When I Have to Use Public Restrooms, This App Is My Refuge

This piece is part of This Is Why We Travel, a hyper-specific travel guide from Healthyish and Women Who Travel.

Recently in Buffalo for a reporting trip, I got up early on a Saturday and drove a little out of my way to a sight I’d seen on screens my whole life but never firsthand: Niagara Falls. The falls do stun the soul. They defy language. It is impossible to convey their thunder, the palpable rattling power of the water as it reaches this climax. You feel real small. I stood on the platform, my skin dewy. Gulls darted in and out of the mist and rainbows threatened. Friends had told me to buy a ticket to ride the boat, the Maid of the Mist.
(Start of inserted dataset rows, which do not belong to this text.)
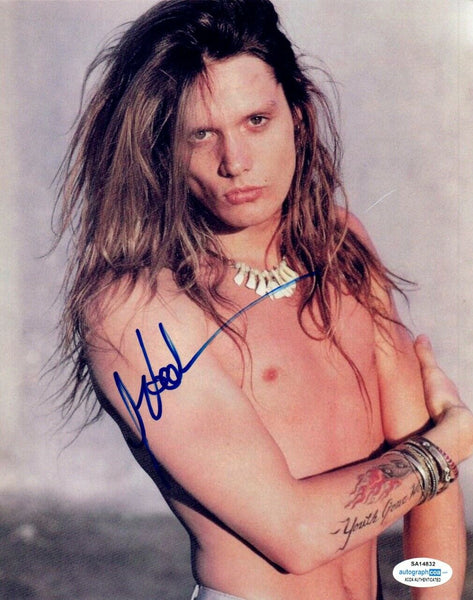 Sebastian Bach Signed Autograph 8x10 Photo SKID ROW ACOA COA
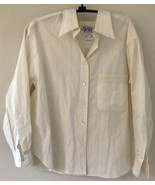 Escada Sport White Yellow Striped Cotton Button Up Blouse Shirt Womens S... - £23.59 GBP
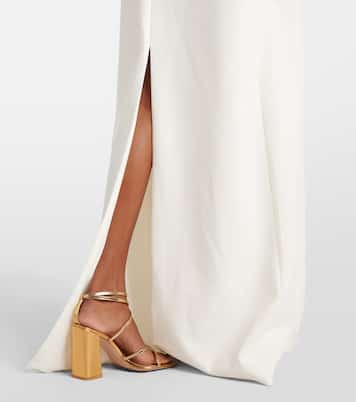 Vestido de fiesta de crepé adornado | Costarellos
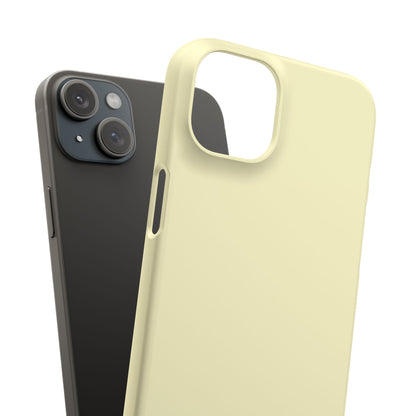 Lemon Chiffon iPhone 15 - Slim Phone Case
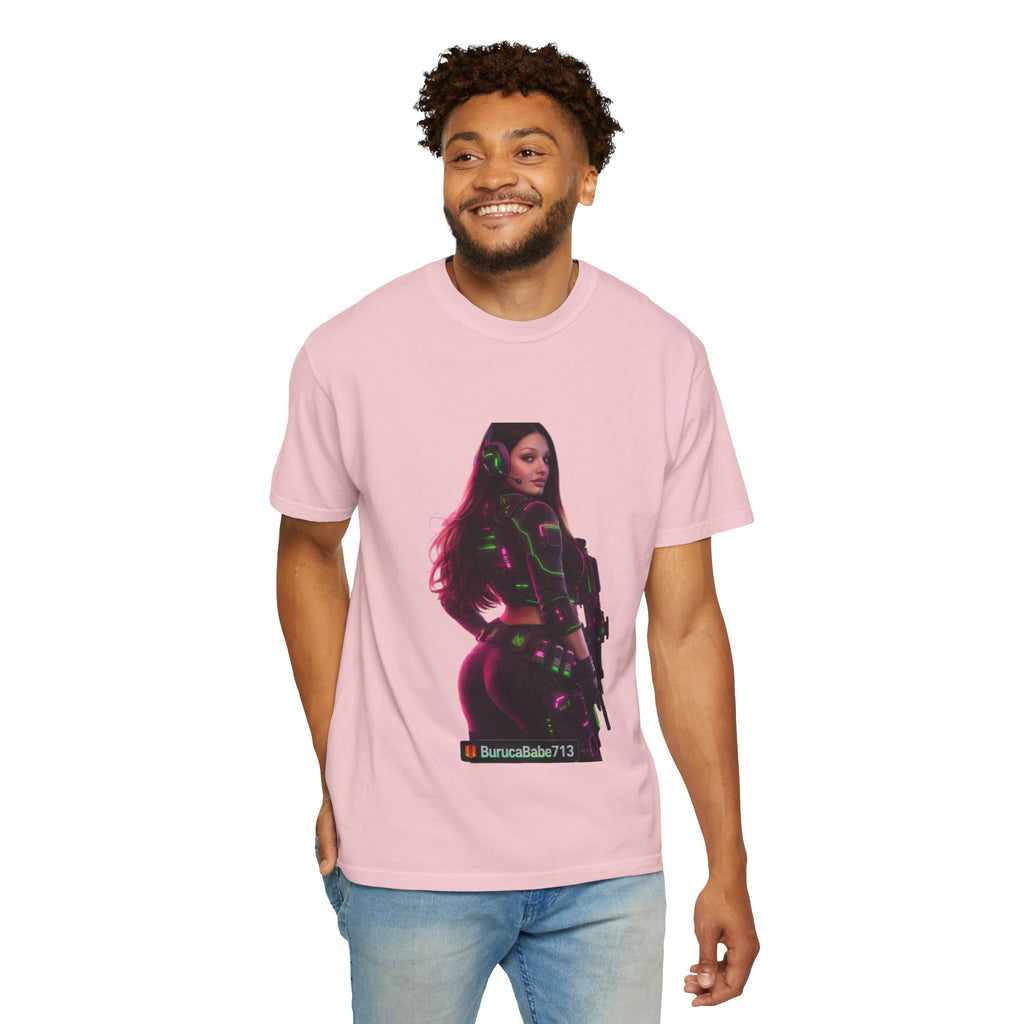 Graphic T-Shirt — Neon Gamer Girl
But I couldn’t do it; the line seemed slow and I was already contending with the very real problem of how I was going to pee.

This is the reality of what being in public is like for me now, a big reason I seldom go anywhere if I can avoid it: Whenever I have to navigate spaces like airports and restaurants and rest stops, I’m forced to contend with gendered restrooms. That day in Niagara, I opened an app that I’ve come to rely on whenever I leave the house, called Refuge Restrooms. It’s a crowdsourced database of bathrooms that are safe(r) for folks such as myself. In any given location, you can browse the map, and up will pop purple pins denoting bathrooms previously users have added. At Niagara Falls, I browsed the app for anywhere to go nearby and, as can happen, came up with squat.

I’ve known I wasn’t cisgendered for forever. But it was only a few years ago, in my early thirties, that I admitted to myself, then others, that a word for what I am is nonbinary; another is trans. At this point I don’t sufficiently pass as either “man” or “woman,” so I can go in neither a women’s restroom nor a men’s. Women give me big dramatic double takes and make snide, shitty comments. Men are scary. Either way, in a segregated restroom, supposing I could even get inside a stall, my anxiety will be so high I won’t be able to physically pee. The few times in recent years when I’ve willed myself into a women’s room, I haven’t been able to do anything except try and try and try and then sit and sweat and wait until a quiet moment when I could dart free.

As a young person, I traveled incessantly, said yes to every opportunity to go anywhere I possibly could—I joined groups and activities so I could go on their trips abroad; I managed to get invited along on friends’ family reunions overseas. I backpacked and I road tripped. I’ve been to six continents, something like 40 countries, and all but a few of the American states. And yet, especially since I’ve begun to come out, my desire to travel, to go anywhere for curiosity or pleasure, has atrophied so greatly I can’t tell if it’s gone for good.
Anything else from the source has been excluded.